Deduction & Short-Pay Dispute Tracker
Turn a raw deductions export into a categorized, owner-routed worklist that ages every open short-pay, tracks recovery vs write-off, and forces a manager approval gate before any resolution — recover, write-off, or charge-back — is recorded.
A logged-in web tool where you import your deductions CSV, auto-categorize each short-pay (pricing, shortage, damage, promo) and route it to an owner, work the open-deductions aging, log research and a recommendation, get a manager sign-off on every recover / write-off / charge-back, and export clean resolution entries plus an aging report — with recovery-rate tracking by reason and customer.
Before you start
- A Supabase account (free)
- A Vercel account (free)
- A deductions / short-pay export from your cash-application or AR system (CSV)
- Optional: your reason-code list and a customer master
- Claude Code or any AI coding agent
The problem this kills
Every distribution and CPG AR team knows the slow bleed.

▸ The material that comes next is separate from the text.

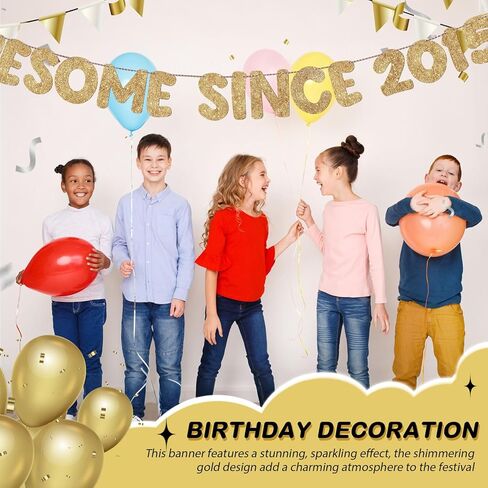 Fulmoon Pre Strung Awesome Since 2014 Banner Glitter Happy 11th Birthday Sign Funny Glitter Happy 11th Anniversary Party Decorations for Men Women (Dark Blue) in Saudi Arabia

A customer pays the invoice short — a few hundred here, a few thousand there — and tacks on a reason code nobody fully trusts: "pricing," "shortage," "damage," an expired promo. Those deductions pile up in a spreadsheet that no one really owns. Some are legit and should be written off. Many are wrong and could be recovered — if anyone had time to research them before the dispute window closes and the money is gone for good.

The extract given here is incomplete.